Questa domenica comincia il nuovo anno della Chiesa che – come è noto – non coincide con l’anno civile.
Il calendario liturgico è strutturato in maniera differente dagli altri calendari che segnano la nostra vita (quello scolastico, quello del campionato di calcio, e così via) e si struttura in maniera differente: inizia con l’avvento, cui fa seguito il tempo di Natale; prosegue con una prima parte del cosiddetto “tempo ordinario”, che viene interrotto dal tempo della quaresima e da quello di Pasqua; termina con la seconda parte del tempo ordinario che occupa la tarda primavera, l’estate e buona parte dell’autunno, fino al successivo nuovo anno.
Questa svolta è accompagnata anche dal cambio di evangelista di riferimento. Lasciamo Marco per intraprendere la lettura di Luca.
Il testo di questa domenica – prima di avvento e prima dell’anno liturgico – è, infatti, tratto proprio dal terzo vangelo e – anche se siamo solo all’inizio della sua lettura – ci ritroviamo al capitolo 21.
Gesù è a Gerusalemme e sta pronunciando il discorso escatologico, il medesimo che – nella versione di Marco – abbiamo letto due domeniche orsono.
Non mi soffermo, dunque, troppo analiticamente sul testo, anche se è importante sottolineare che mentre Marco, molto probabilmente, scrisse prima della distruzione del Tempio di Gerusalemme nel 70 d.C. per mano dei Romani, Luca, certamente, redasse il discorso dopo quell’evento.
Il terzo evangelista ha dunque in mente chiaramente il senso (non solo figurato o evocativo) delle parole «Verranno giorni nei quali, di quello che vedete, non sarà lasciata pietra su pietra che non sarà distrutta» (Lc 21,6).
L’elemento che, tuttavia, oggi ci interessa maggiormente è la scelta di questo brano liturgico come lettura di apertura per l’avvento.
Questa collocazione lascia, infatti, intendere che vi è un parallelismo tra la prima venuta del Signore e quella finale del suo ritorno.
In entrambi i casi, siamo di fronte all’irruzione di Dio nella storia e fare memoria della nascita di Gesù, può abilitarci a vivere pienamente anche il tempo che ci separa dal nuovo incontro con Lui che ci aspetta.
Un primo aspetto da mettere in luce è che di questo sopraggiungere di Dio non bisogna avere paura: «Quando cominceranno ad accadere queste cose, risollevatevi e alzate il capo, perché la vostra liberazione è vicina».
L’arrivare di Dio implica qualcosa di buono, di bello, di liberante.
Queste parole assomigliano molto a quelle che Gesù pronuncia all’inizio del suo ministero, nella sinagoga di Nazaret, citando il profeta Isaia («Lo Spirito del Signore è sopra di me; per questo mi ha consacrato con l’unzione e mi ha mandato a portare ai poveri il lieto annuncio, a proclamare ai prigionieri la liberazione e ai ciechi la vista; a rimettere in libertà gli oppressi, a proclamare l’anno di grazia del Signore», Lc 4,18) e anche a quelle che l’angelo rivolge a Maria: «Non temere, Maria, perché hai trovato grazia presso Dio.

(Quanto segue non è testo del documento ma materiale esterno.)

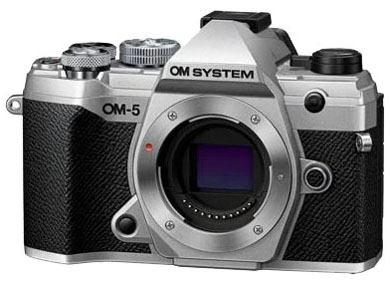Compare Prices on the Olympus OM-5 Digital Camera Body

Ed ecco, concepirai un figlio, lo darai alla luce e lo chiamerai Gesù [= Dio salva]» (Lc 1,30-31).
Sembrano considerazioni scontate e, tuttavia, io ritengo sia sempre utile ribadire che l’incontro dell’umano col divino, nella prospettiva cristiana, è qualcosa da desiderare, non da temere.
Una seconda annotazione a mio giudizio degna di nota è quella che mostra la decisività di questo/i momento/i: la relazione col Signore che si fa prossimo è qualcosa di così prezioso che non può disperdersi a causa dei nostri stordimenti («State attenti a voi stessi, che i vostri cuori non si appesantiscano in dissipazioni, ubriachezze e affanni della vita e che quel giorno non vi piombi addosso all’improvviso»).
Come per tutti i rapporti costitutivi della nostra esistenza, vi è un’attesa, una preparazione, una trepidazione… così dev’essere anche con Dio, se effettivamente è uno dei rapporti costitutivi della nostra esistenza.
Ecco perché è necessario vegliare e pregare, cioè mantenersi “in contatto” con Lui, “in tensione” verso di Lui.
Il nuovo anno, il nuovo avvento che comincia possono allora essere l’occasione per rimettere a fuoco la nostra relazione col Signore, in vista dell’incontro con Lui che ci attende: l’attesa di Natale, cioè del momento in cui faremo memoria della sua prima venuta, può essere propizia per abilitarci a vivere un’intera esistenza tesa verso il suo sopraggiungere liberante.